What this means for you the TDI owner:

Many TDI owners are panicking and all bent out of shape over this news.  Just calm down.  The sky is not falling.  Your TDI car is still a good car that performs very well and gets excellent fuel mileage.  Its emissions are remarkably clean by any standard except perhaps the EPA NOX standard.   Even before the last recall VW TDI vehicles in the University of WV test were running much lower NOX emissions than previous generations of diesel engines.  For example, the 2013 Passat TDI had an average of .24 grams per mile of NOX.  Previous generations of TDI diesel engines were EPA certified at 1.0 gram per mile. The EPA standard is .05 grams per mile.  All other emission gasses were below the EPA limits in every test.

Some owners are worried about resale value. The resale value on your TDI might actually go up – especially if VW can’t sell any new ones for an extended period of time.  And if the values of diesel trucks are any indication, the vehicles with fewer emissions controls tend to hold their value better over time due to better fuel mileage and reliability.  In the short term resale value may go down, but these cars are already a great value and nothing has really changed that yet.

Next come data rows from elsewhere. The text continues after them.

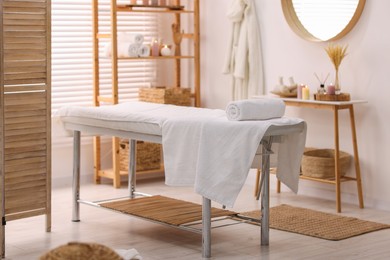 Comfortable massage table with clean towels in spa center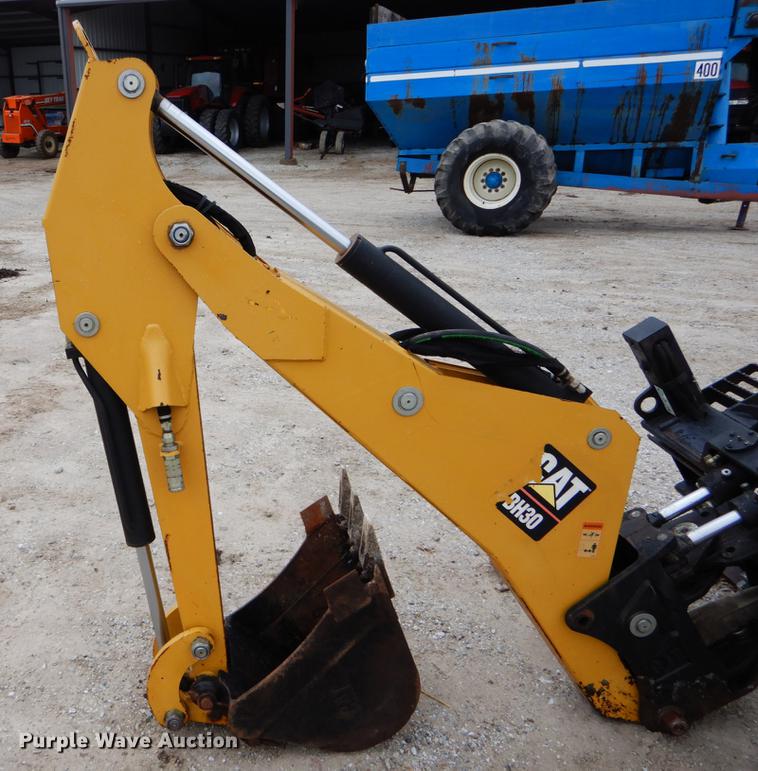 image for item DE6082 Caterpillar BH30 skid steer backhoe attachment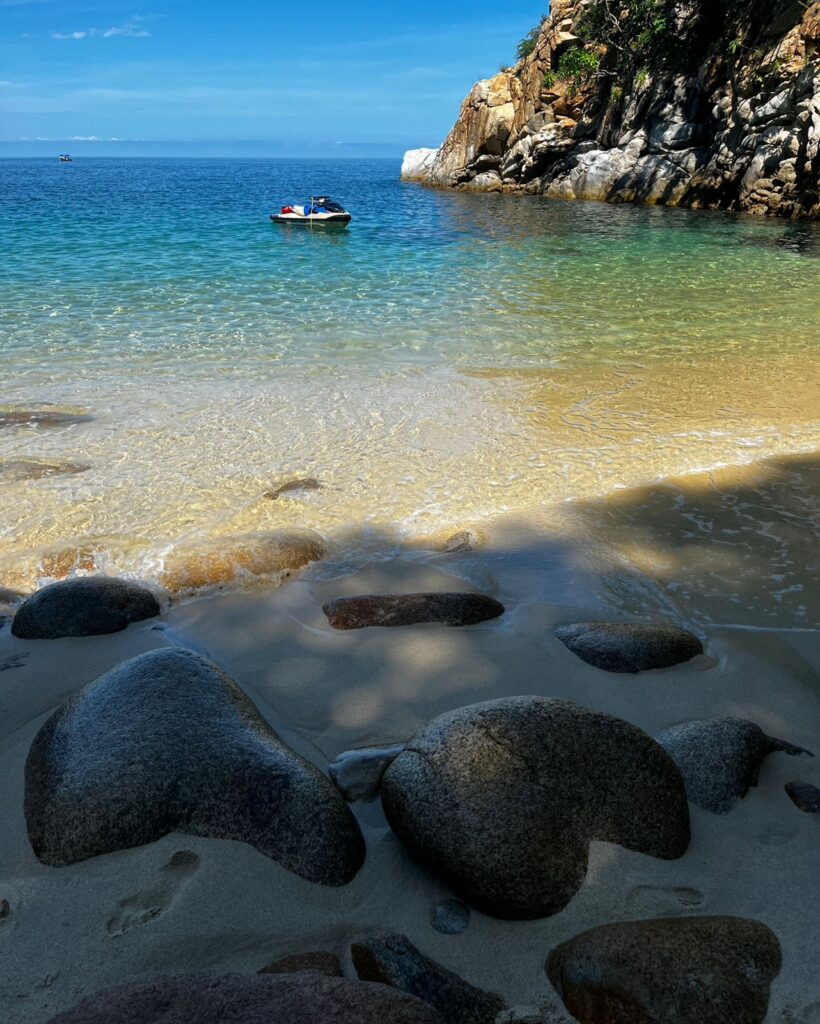 Secluded beach cove with crystal clear water and rocky shoreline in Puerto Vallarta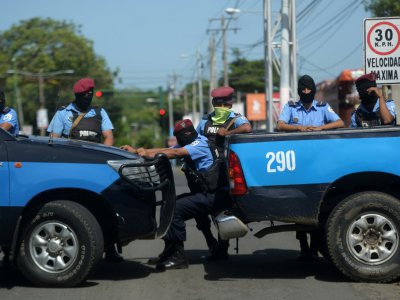 Des policiers en position autour d'une église où des étudiants s'étaient réfugiés, assiégés par les forces progouvernementales, le 14 juillet 2018 à Managua, au Nicaragua - MARVIN RECINOS [AFP]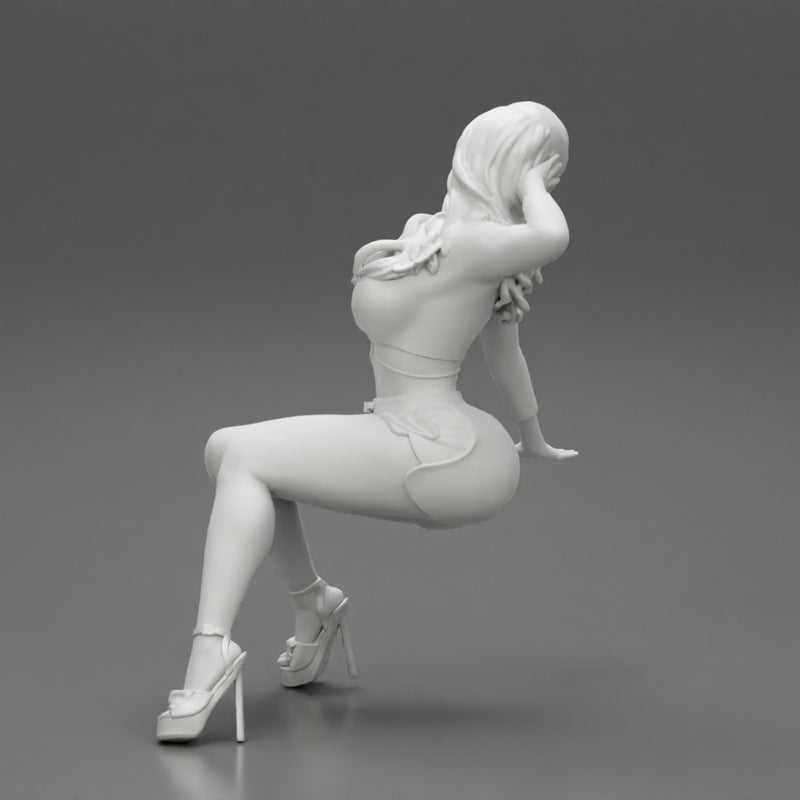 Young sexy girl in shorts with long hair is sitting with one hand in hair - Only-Games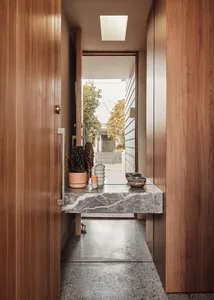 A minimalist entryway featuring a marble floor, wooden walls, and a small table with decorative items.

Once Volkswagen does come up with a solution and a recall then owners would be advised to be cautious.  You see these cars can indeed be made to meet the standard.  They have done so repeatedly on the dyno test.  What we don’t know for sure is why VW didn’t want to run that same programming all the time on the highway.  They were probably concerned about decreased service life of emissions components and reduced fuel mileage.  This might get a little technical, but you see in order to reduce NOX formation in a diesel engine you must reduce the temperature at which the fuel is burned.  This results in a less efficient use of diesel fuel and also causes increased production of soot which must then be trapped and burned in the diesel particulate filter (DPF).  The re-burning of the soot in the DPF is called a DPF Regeneration and what is left in the filter is small amounts of ash which accumulate over time and eventually clog the filter. The more soot that is created, the more fuel that must be used to perform the Regeneration and the more quickly the DPF will get permanently clogged by ash requiring replacement of the filter.  On the 2012-newer Passat TDI and on all the 2015 TDI’s VW installed a Selective Catalyst Regeneration (SCR) device which uses Diesel Exhaust Fluid (DEF) to reduce NOX after the combustion.  This allows for a higher burn temperature and fewer DPF Regenerations.  It should be easier to bring these vehicles into compliance without any negative side effects other than an increased consumption of DEF.  The older TDI’s might be more difficult to bring into compliance without sacrificing fuel economy, power, or reliability.  So don’t rush to your Volkswagen dealer for the recall as soon as soon as it comes out.   Wait and see what the results will be and make an educated decision about whether or not it will actually be beneficial in the long run. And also be aware that once the recall is issued VW dealers will be required to apply the recall to every car that comes through one of their service centers. So if you don’t want the recall applied to your car right away then take it to a shop other than a VW dealership for service. Also if you are thinking about buying a used TDI the best time is probably right now while everybody else is panicking.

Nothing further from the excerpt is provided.